Floor Plan

 

This is an activity for Lioudmila Zaitseva's Elementary Russian class. She goes through a floor plan illustration on the board and calls on volunteers to label the parts, then place a corresponding image in the specific zone of the plan. This is a fun way for students to remember their vocabulary, basic verbs, and basically conduct a general review.

The students would already have seen the names for the parts of an apartment/house, had some contact with adverbs of frequency (often, always, never), times of day (at night, in the morning, etc.) and a few basic verbs as well as their conjugations (to stroll, to read, to live, etc).

First, using a floor plan drawing on the board, the class went through and labeled the parts of a house based on what they remembered. The instructor made sure to help them with what they did not remember. They also reviewed our adverbs of frequency and our times of day. 

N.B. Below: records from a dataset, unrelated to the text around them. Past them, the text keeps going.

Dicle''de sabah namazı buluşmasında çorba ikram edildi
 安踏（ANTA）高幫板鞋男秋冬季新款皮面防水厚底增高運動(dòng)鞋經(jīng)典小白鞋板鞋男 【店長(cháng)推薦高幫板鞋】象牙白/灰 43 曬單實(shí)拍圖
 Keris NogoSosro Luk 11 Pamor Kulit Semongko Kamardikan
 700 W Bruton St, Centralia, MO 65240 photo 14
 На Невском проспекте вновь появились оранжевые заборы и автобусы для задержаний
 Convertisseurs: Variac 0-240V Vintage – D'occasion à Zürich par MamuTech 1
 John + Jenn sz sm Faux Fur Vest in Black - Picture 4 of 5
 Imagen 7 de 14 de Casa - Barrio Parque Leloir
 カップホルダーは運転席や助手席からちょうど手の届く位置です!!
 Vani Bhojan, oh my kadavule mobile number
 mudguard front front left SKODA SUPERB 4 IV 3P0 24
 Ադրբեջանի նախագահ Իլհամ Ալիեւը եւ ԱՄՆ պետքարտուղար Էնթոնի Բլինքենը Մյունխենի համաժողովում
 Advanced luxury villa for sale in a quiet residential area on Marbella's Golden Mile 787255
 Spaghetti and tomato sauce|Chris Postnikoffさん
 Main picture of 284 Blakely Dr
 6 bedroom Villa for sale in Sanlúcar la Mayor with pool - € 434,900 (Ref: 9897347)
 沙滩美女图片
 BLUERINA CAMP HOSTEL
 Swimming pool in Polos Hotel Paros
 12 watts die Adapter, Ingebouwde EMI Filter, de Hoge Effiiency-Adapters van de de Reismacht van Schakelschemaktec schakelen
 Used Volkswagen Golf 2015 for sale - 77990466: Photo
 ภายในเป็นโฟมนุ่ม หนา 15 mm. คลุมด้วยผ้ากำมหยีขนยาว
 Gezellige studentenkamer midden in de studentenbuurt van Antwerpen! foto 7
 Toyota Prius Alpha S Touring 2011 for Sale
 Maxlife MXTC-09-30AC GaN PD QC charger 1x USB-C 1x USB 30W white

Next, the students each had an individualized sheet that would correspond to something like "Tolstoy often reads in the dining room at night." They would come up to the front of the class and show the others the picture. The other students would have to ask things like "What is Tolstoy doing?", "Does he read often or seldom?", and "Where does he read?" The student with the pictures would then answer "Tolstoy is reading," "Tolstoy often reads," etc. Once everyone had asked a question, the student would stick their character up on the board in the correct room--this usually had great comic effect (Anna Karenina was crying in the bathroom). Then the next person would come up and repeat the procedure.

As they went through the activity, the students were filling out a grid for the blanks, forming complete and, for that early point in the semester, fairly complicated sentences. The goal of the activity was to get them to put units of speech that they know together, as well as to review the parts of a house, adverbs of time and frequency, and basic verb conjugations. It was a very visual and interactive activity, so students were always well engaged and involved.